Sérieusement, à l’époque où on n’avait pas le masque, au collège, je couvrais mon nez avec mes cheveux ou je gardais tout le temps ma main près de mon visage, pour essayer de le cacher. Maintenant que je suis au lycée, j’ai l’impression que les gens ont une mentalité bien différente. J’ose enlever mon masque à la cantine, à la récré… et personne ne fait de remarques ou de réflexions. Ça m’aide un peu à avoir confiance en moi.
Certain·e·s osent être elles et eux-mêmes sur les réseaux. En y parlant de ses complexes physiques, Youmna s’est construit une communauté d’entraide.
J’avais commencé à utiliser Photoshop sans aucune arrière-pensée, je voulais juste être belle et plaire aux autres. Mais je ne me rendais pas compte que les personnes sur Instagram m’avaient influencée négativement, pour me donner envie de leur ressembler. Elles, elles faisaient ça seulement dans un but marketing, pour gagner de l’argent…
C’est inquiétant, parce que l’image que les gens se créent sur les réseaux sociaux est « plus que parfaite » et reflète rarement la réalité. Par leur faute, à force de visionner les profils de femmes que je considère comme attirantes, je me sentais insatisfaite de mon corps, de mon visage, de mon apparence physique.
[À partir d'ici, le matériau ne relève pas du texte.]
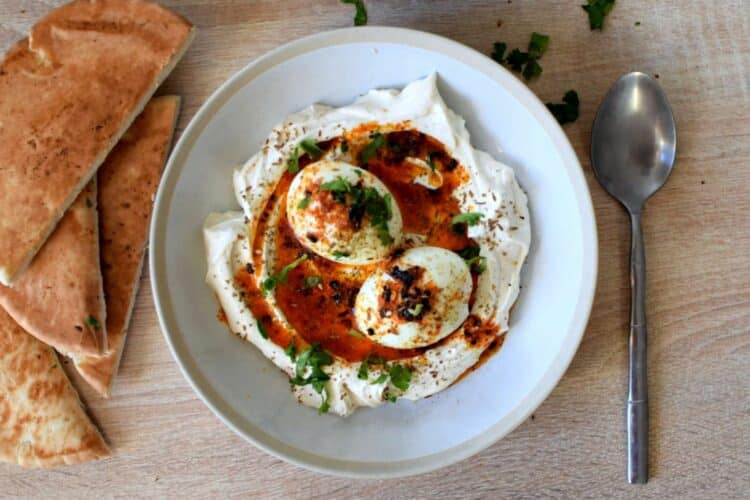 Les oeufs à la turque, ou cilbir : la recette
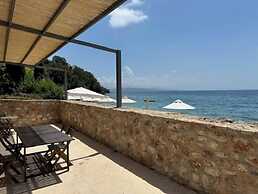 Glyfa Beach Villas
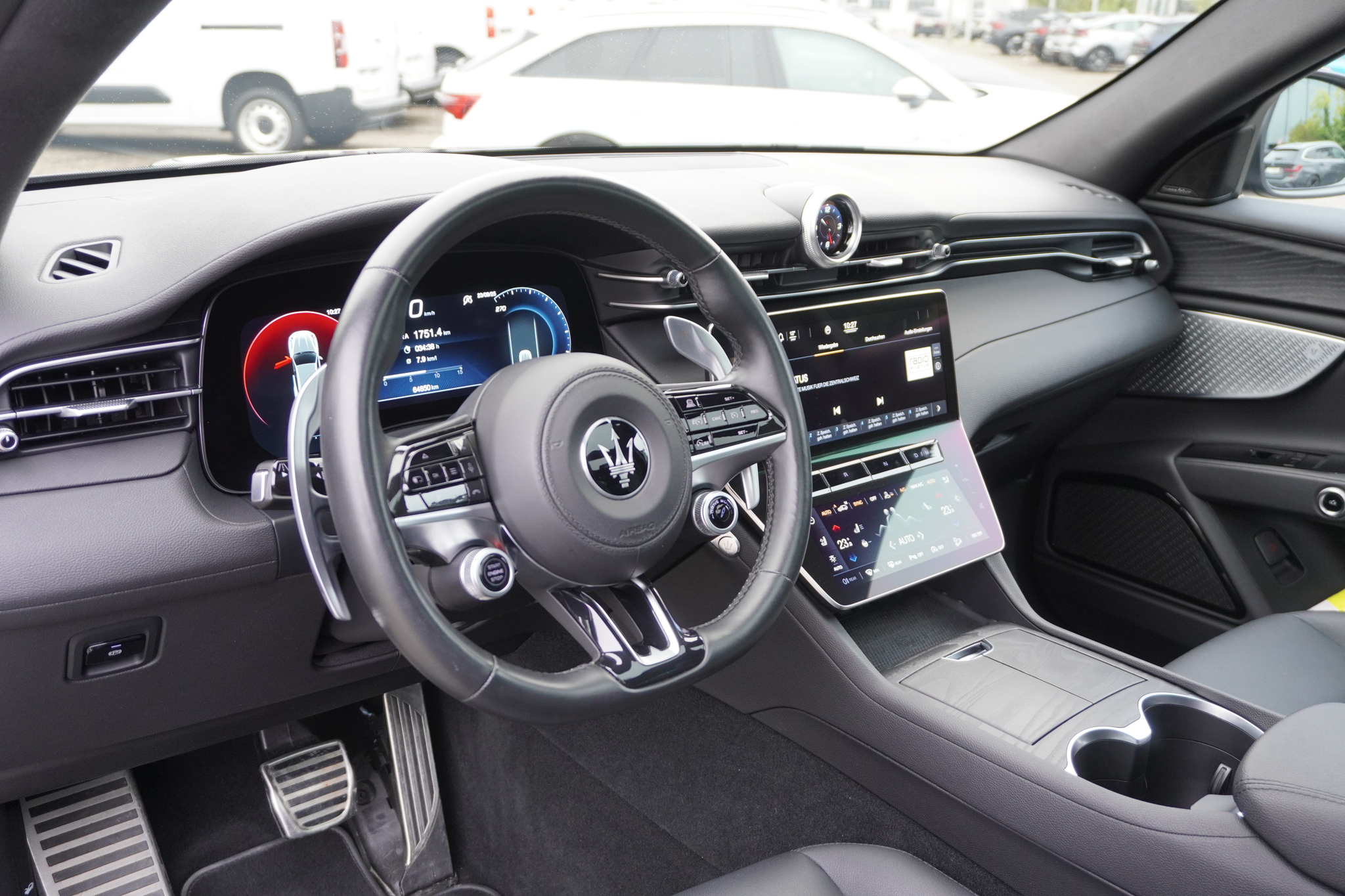 listing desktop thumbnail image 11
Alors que derrière ces photos se cachent des heures de retouches et de modifications.
#Nofilter, les réseaux bienveillants
J’ai compris qu’il ne fallait pas oublier que les réseaux sociaux étaient un miroir déformé de la réalité. Même s’ils permettent de divertir mes journées, les personnages qui mettent en scène tout ça affichent un quotidien souvent fantasmé. On ne se rend pas compte que ces plateformes ont aussi tendance à avoir un impact négatif sur la santé mentale des ados. Ils peuvent créer de l’anxiété, et même de la dépression.
Il y a certains influenceurs bienveillants et honnêtes que l’on retrouve avec le hashtag #nofilter, ce qui signifie qu’aucun filtre n’a été ajouté sur la photo. Je trouve ça sympa de leur part de montrer leurs imperfections et la réalité. Ils rassurent les jeunes, en montrant que tout n’est pas rose ni parfait dans la vie. Mon nez ne rentre pas dans les normes de beauté, mais je sais qu’un jour ou l’autre je l’aimerais sans chirurgie, sans filtre, sans Photoshop, sans aucune modification : juste au naturel, tel qu’il est.
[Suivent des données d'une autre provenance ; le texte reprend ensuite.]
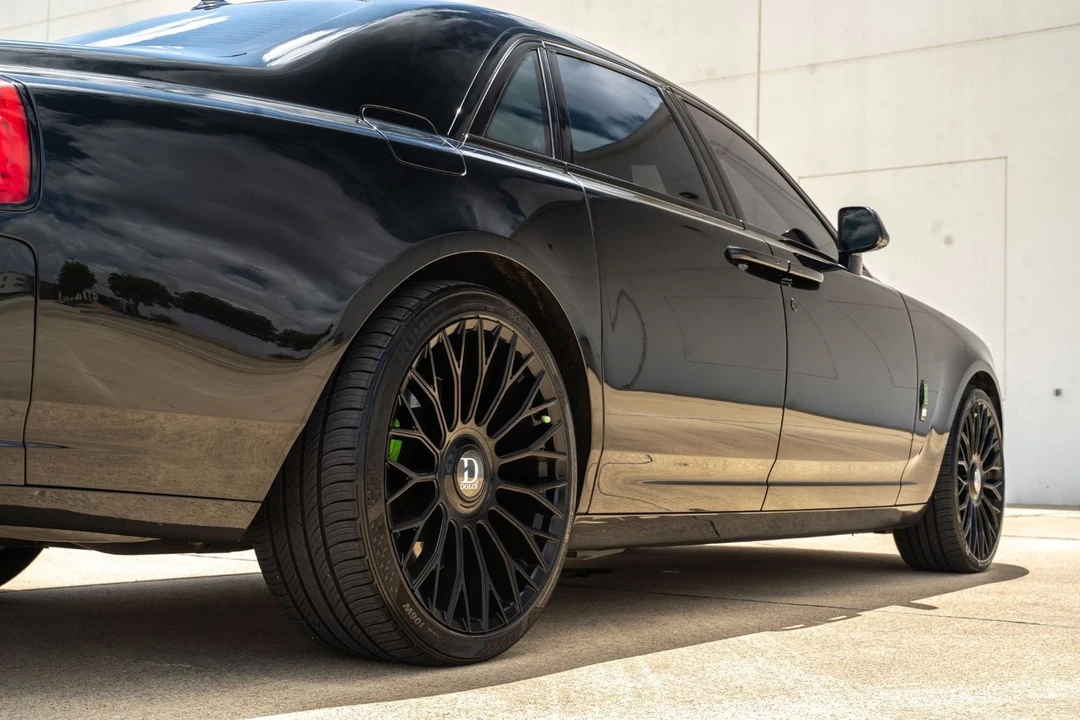 2013 Rolls-Royce Ghost 1st Gen - Image 16 of 31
Tessa, 15 ans, lycéenne, Toulouse
Crédit photo Pexels // CC ShotPot
La dysmorphophobie sur les réseaux
La dysmorphophobie, c’est quoi ?
C’est un trouble, basé sur un complexe physique, qui déforme la vision de son propre corps. Selon une enquête interne, Instagram contribuerait à détester son corps chez 32 % des adolescentes, principalement à cause des retouches photo et des filtres.
Ce trouble reflète les stéréotypes de genre
Sans surprise, ce phénomène est très genré. Non seulement il touche surtout les filles, mais les opérations de chirurgie esthétique qui en découlent portent principalement sur les zones du corps les plus sexualisées, et donc les plus scrutées : les lèvres, les seins et les fesses.
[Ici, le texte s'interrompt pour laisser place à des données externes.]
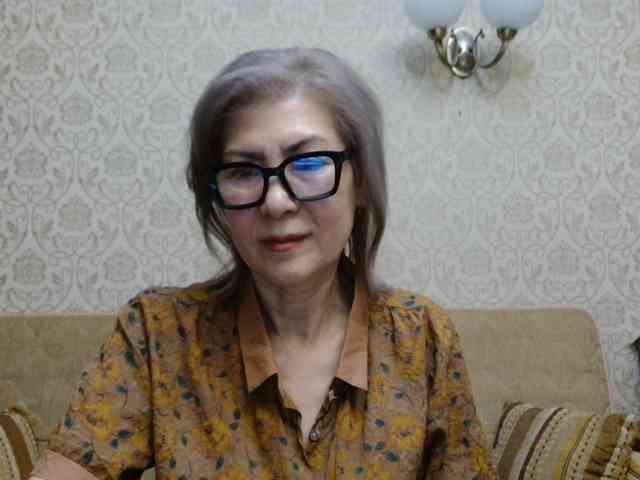 ElegantLady00 webcam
Les pouvoirs publics semblent impuissants
Les réseaux sont très difficiles à encadrer par la loi. La seule solution proposée par la France, c’est d’obliger à préciser les retouches sur les pubs. L’Angleterre va plus loin en interdisant aux influenceurs et influenceuses d’utiliser des filtres dans le cadre d’un partenariat.